Luckily, Mandiant, a Google subsidiary cybersecurity firm proved that this wasn’t the fault of Snowflake, it rather resulted from the inadequate level of security on the side of its customers regarding user logins. The cybersecurity gang managed to steal customer credentials via malware attacks over the past years, which have been used to login into Snowflake’s platform and extract valuable data. A simple multi-factor authentication could have prevented this, so Snowflake is currently working on a plan how to enforce it for all of its customers.
Another important company specific risk factor in the case of Snowflake is represented by those solutions of the company, which enable customers to decrease their spending on the platform. One of these is tiered storage pricing that I’ve already covered in the article. I don’t find it particularly risky.
Another one is Iceberg tables, which will be generally available soon. It will enable customers to store their data in an external cloud storage and not within the Snowflake platform. This will obviously decrease storage revenues, if customers opt to move out their data to these tables from the platform. However, at the same time it can generate new business as well, because Snowflake will have access to a significantly larger data pool. The net effect of this remains to be seen, but it should be positive, otherwise Snowflake hadn’t put so much effort into creating it. On the short run negative effects should outweigh positive ones, but this should change over time.
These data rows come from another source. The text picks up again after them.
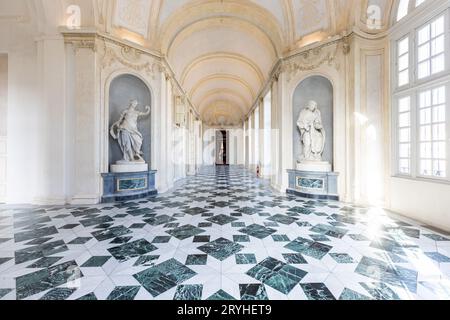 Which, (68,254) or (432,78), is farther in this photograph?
(432,78)

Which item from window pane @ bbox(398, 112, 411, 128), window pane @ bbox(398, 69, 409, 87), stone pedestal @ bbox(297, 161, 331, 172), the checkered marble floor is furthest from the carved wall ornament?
window pane @ bbox(398, 112, 411, 128)

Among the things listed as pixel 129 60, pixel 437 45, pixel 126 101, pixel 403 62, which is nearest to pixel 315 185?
pixel 403 62

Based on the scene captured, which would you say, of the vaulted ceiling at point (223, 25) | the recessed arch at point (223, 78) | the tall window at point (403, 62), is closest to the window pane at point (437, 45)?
the tall window at point (403, 62)

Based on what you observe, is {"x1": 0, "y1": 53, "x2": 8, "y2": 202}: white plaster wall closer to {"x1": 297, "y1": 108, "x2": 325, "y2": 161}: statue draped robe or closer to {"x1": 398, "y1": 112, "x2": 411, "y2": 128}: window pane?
{"x1": 297, "y1": 108, "x2": 325, "y2": 161}: statue draped robe

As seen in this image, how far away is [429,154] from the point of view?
4.40 m

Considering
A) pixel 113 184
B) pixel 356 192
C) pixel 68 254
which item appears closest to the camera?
pixel 68 254

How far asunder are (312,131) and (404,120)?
233 cm

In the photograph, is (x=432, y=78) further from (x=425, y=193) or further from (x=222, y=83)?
(x=222, y=83)

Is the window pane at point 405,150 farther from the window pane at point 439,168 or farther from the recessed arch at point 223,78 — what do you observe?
the recessed arch at point 223,78

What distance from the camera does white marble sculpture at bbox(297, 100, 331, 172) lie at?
6703 millimetres

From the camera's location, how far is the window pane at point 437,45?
412 cm

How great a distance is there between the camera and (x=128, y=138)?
6.56m

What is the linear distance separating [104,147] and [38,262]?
4317 mm

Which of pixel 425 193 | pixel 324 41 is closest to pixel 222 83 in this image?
pixel 324 41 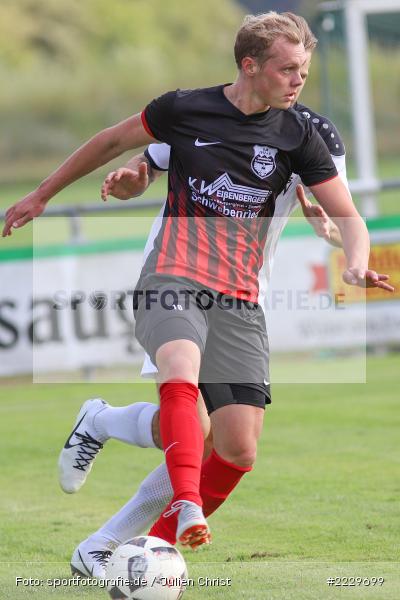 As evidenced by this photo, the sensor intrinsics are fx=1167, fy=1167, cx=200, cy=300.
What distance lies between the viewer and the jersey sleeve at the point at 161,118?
481cm

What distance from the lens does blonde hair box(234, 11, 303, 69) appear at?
4594 millimetres

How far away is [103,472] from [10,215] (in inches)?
110

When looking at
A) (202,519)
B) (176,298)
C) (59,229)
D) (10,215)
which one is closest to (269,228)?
(176,298)

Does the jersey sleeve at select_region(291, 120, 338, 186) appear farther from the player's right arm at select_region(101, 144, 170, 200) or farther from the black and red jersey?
the player's right arm at select_region(101, 144, 170, 200)

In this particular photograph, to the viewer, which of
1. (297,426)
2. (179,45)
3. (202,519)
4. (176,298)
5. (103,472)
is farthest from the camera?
(179,45)

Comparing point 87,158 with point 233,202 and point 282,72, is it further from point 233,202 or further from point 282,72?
point 282,72

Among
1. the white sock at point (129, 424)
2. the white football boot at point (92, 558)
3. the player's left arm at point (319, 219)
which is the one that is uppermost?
the player's left arm at point (319, 219)

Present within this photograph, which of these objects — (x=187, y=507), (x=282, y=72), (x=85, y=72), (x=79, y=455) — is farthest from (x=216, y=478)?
(x=85, y=72)

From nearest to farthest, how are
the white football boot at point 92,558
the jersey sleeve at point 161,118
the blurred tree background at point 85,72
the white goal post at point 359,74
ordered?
the white football boot at point 92,558 < the jersey sleeve at point 161,118 < the white goal post at point 359,74 < the blurred tree background at point 85,72

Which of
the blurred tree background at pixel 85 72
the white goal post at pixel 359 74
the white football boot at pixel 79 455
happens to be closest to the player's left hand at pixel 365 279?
the white football boot at pixel 79 455

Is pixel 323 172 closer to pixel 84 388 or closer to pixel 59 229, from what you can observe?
pixel 84 388

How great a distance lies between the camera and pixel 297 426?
8703 mm

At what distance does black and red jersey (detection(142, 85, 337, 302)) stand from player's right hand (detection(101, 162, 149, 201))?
0.15 m

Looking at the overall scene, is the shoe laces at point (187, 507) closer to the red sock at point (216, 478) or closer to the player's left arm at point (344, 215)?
the red sock at point (216, 478) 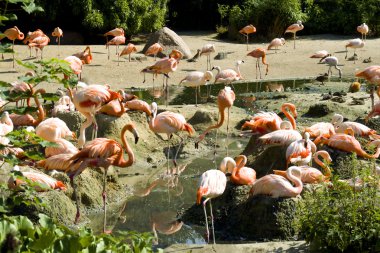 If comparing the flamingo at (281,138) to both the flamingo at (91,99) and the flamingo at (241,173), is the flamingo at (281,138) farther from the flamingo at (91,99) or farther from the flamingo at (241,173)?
the flamingo at (91,99)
Finally, there is the risk of competition, especially in the form of hyperscalers, who have their own cloud-based data services (Amazon Redshift, Google BigQuery, Azure Synapse). And there is Databricks, providing strong competition in data science workloads. If they go public this year it could provide headwind for Snowflake’s share price on the short run as investors could reallocate their funds between the two companies. However, on the long run this shouldn’t have a material impact as the share price is mostly determined by underlying company fundamentals.
Valuation
Thanks to the significant correction in Snowflake shares they became more investable over recent months. In my previous article on the company, I have pointed out that top SaaS companies trade at significantly higher valuation multiples than Snowflake even as there aren’t such great differences in fundamentals when measured by the Rule of 40 metric (revenue growth + FCF margin). CrowdStrike (CRWD) closed the previous year as a Rule of 67 company meanwhile Snowflake reached Rule of 66. However, CrowdStrike’s shares trade at a 72% premium based on the forward P/S ratio, which is a significant difference. Of course, this could mean that the shares of CrowdStrike are valued too aggressively, and the shares of Snowflake are fairly valued, but I think the truth lies somewhere between the two.
Looking at Datadog, another leading SaaS company who closed the previous year with a Rule of 55 metric, Snowflake shares are still valued conservatively at an 18% discount:
I believe this discrepancy won’t hold for long and Snowflake shares will get out of the penalty box rather sooner than later. The fact that the company repurchased shares worth of more than $500 million in Q1 is also good evidence in my opinion that current valuation levels are compelling.
Analyst’s Disclosure: I/we have a beneficial long position in the shares of SNOW either through stock ownership, options, or other derivatives. I wrote this article myself, and it expresses my own opinions. I am not receiving compensation for it (other than from Seeking Alpha). I have no business relationship with any company whose stock is mentioned in this article.